Retype each line of the data below exactly, beginning with the first and ending with the one that contains "What's the end". Pictures do not belong in the copy.
### Extracted records
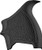 Hogue Handall Beavertail Grip Sleeve Taurus GX4/GX4XL Black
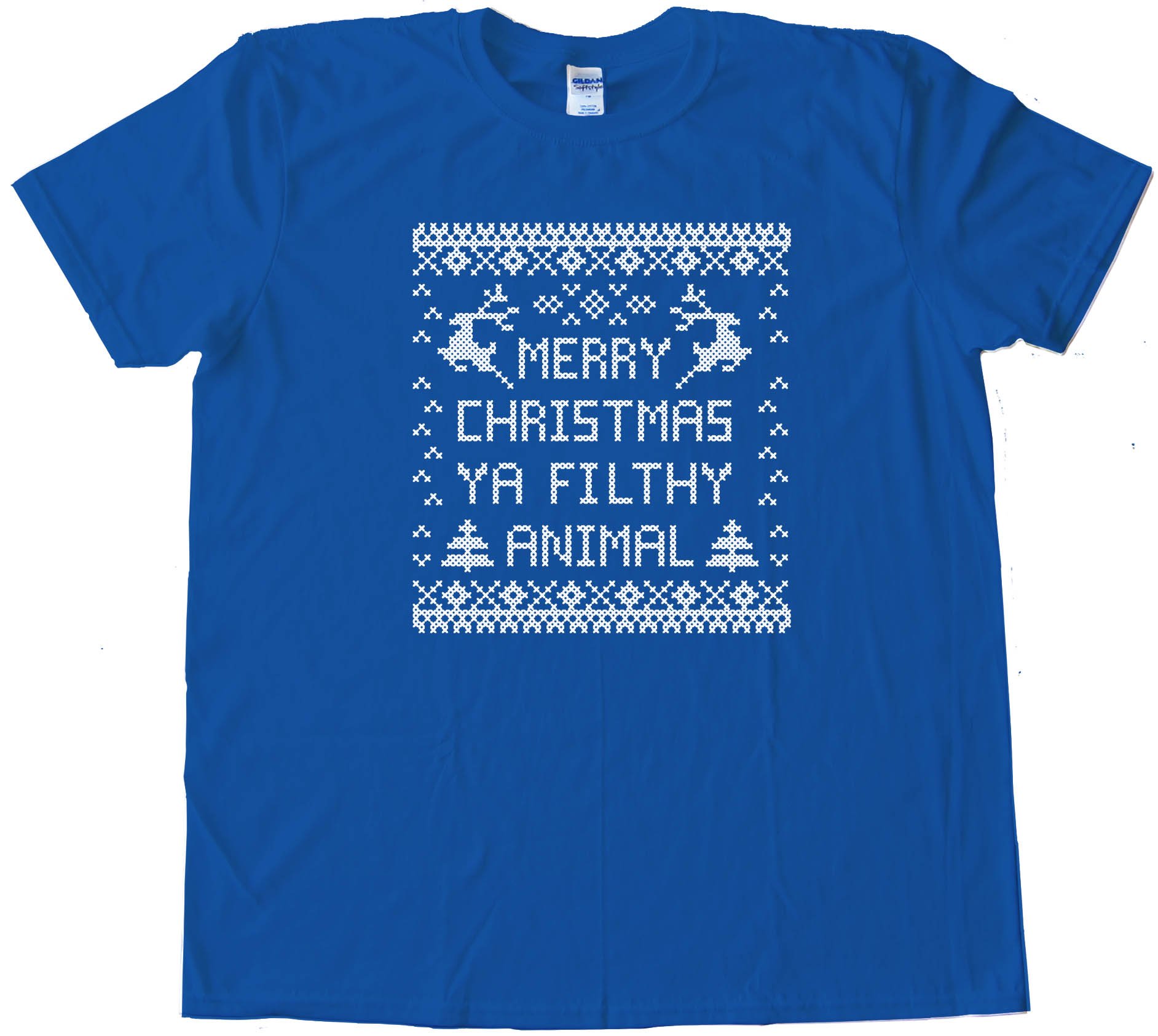 Merry Christmas Ya Filthy Animal - Tee Shirt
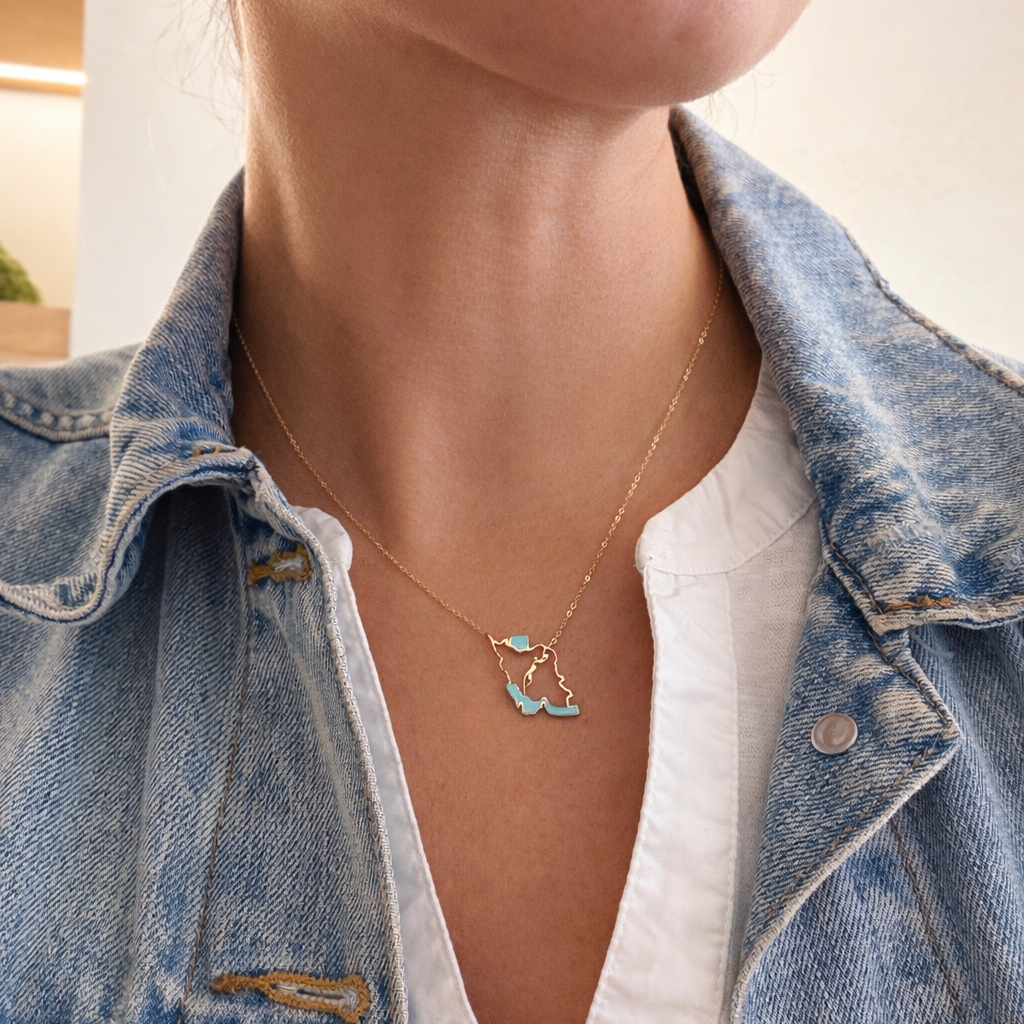 My Homeland Necklace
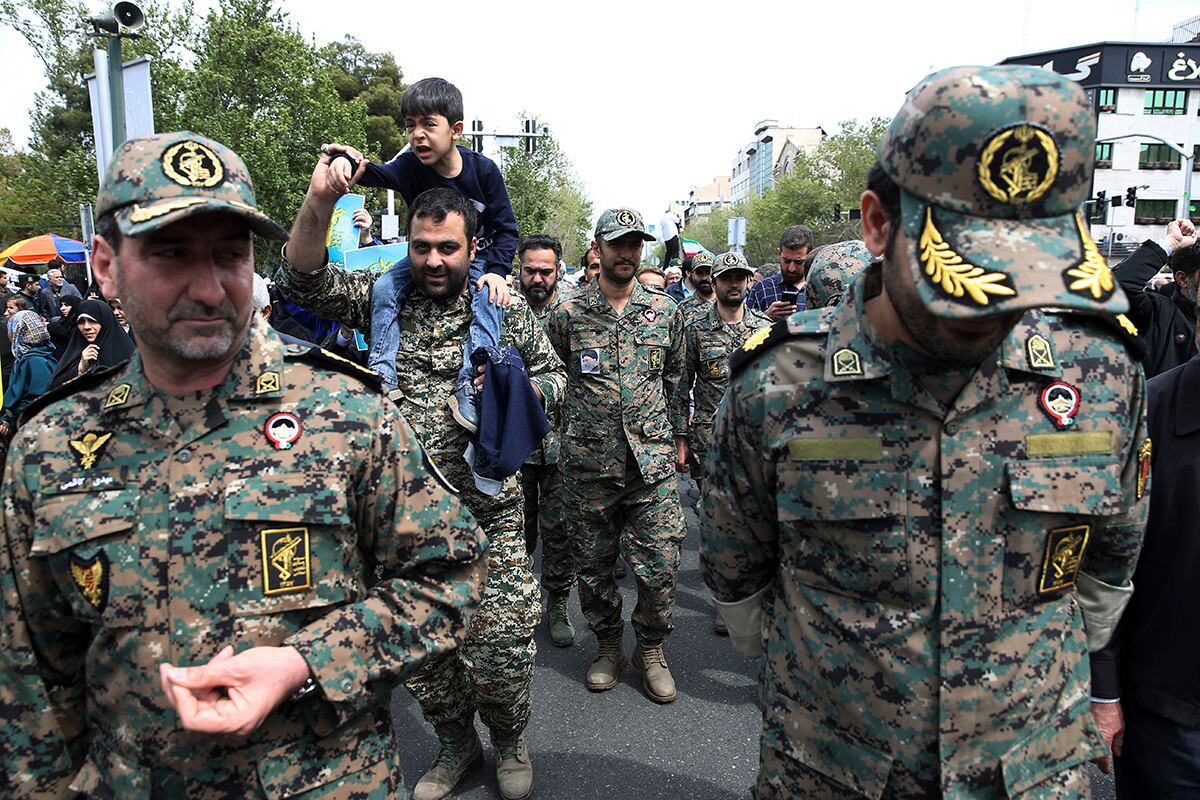 What's the end game in an armed conflict with Iran?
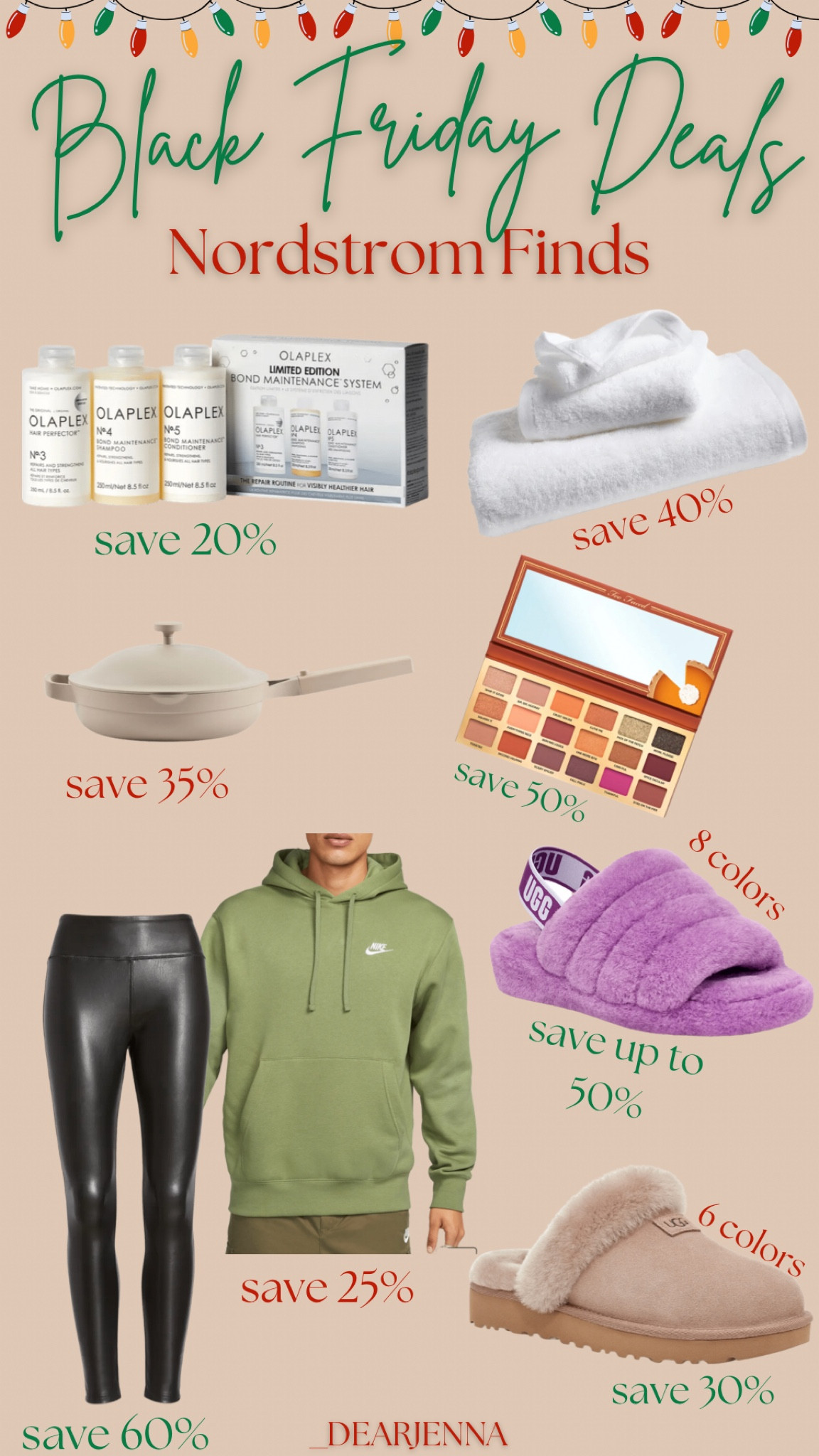 Nordstrom Black Friday Deals are live! Some of your favorite brands are at their lowest price right now such as Barefoot Dreams, Always cookware, Ugg and more! Don’t miss out on these budget friendly gifts this holiday season. Merry affordable Christmas! 🎄💫

#LTKGiftGuide #LTKHoliday #LTKCyberweek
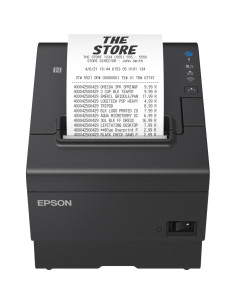 Epson TM-T88VII (112): USB, Ethernet, Serial, PS, Black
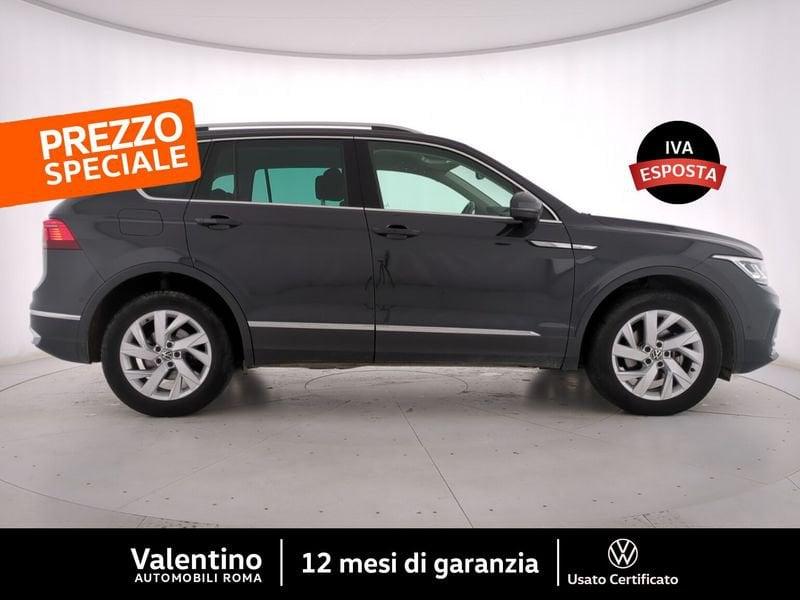 Volkswagen Tiguan 2.0 TDI DSG 4M 150 CV SCR Elegance
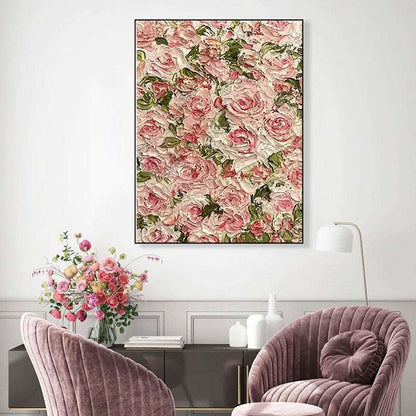 Flourishing Blossoms Painting - Flowers - Artvora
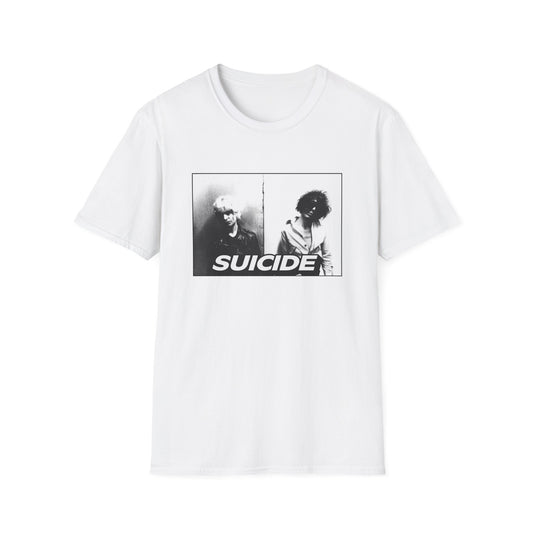 martin rev and alan vega suicide band 2 tshirt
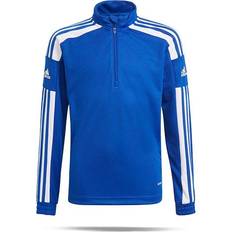 Adidas Squadra 21 Training Top Kids - Royal Blue/White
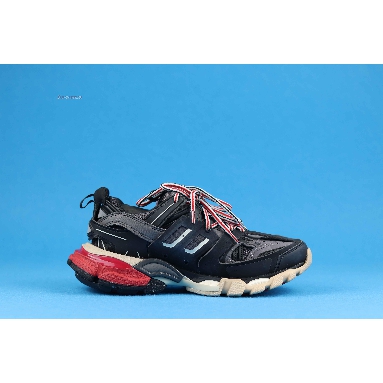 Balenciaga Track Trainer Black Red 542023 W1GB6 1002 Black/Red Sneakers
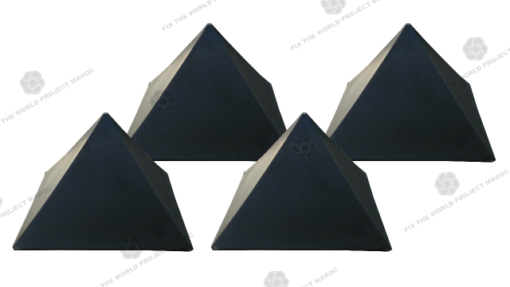 Set of 4 Orgone Pyramids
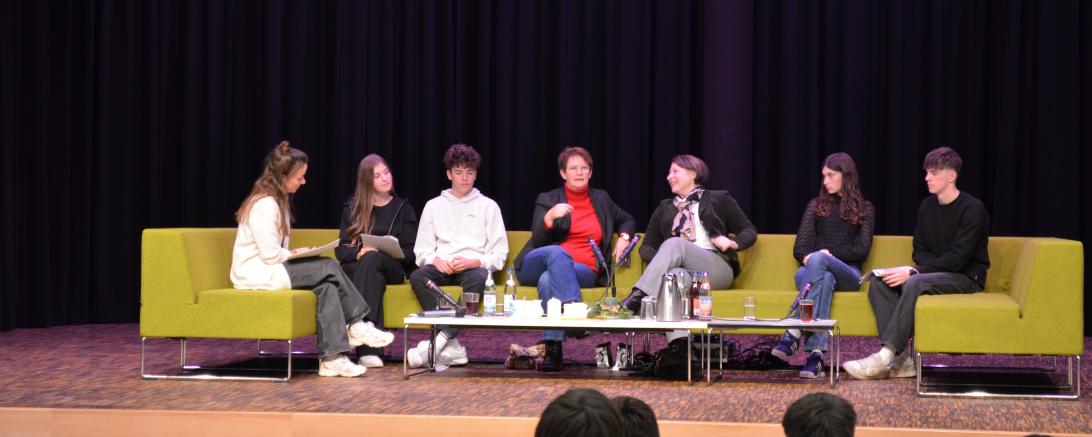 Podiumsdiskussion Realschule Rain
######
Output of the task:
 Hogue Handall Beavertail Grip Sleeve Taurus GX4/GX4XL Black
 Merry Christmas Ya Filthy Animal - Tee Shirt
 My Homeland Necklace
 What's the end game in an armed conflict with Iran?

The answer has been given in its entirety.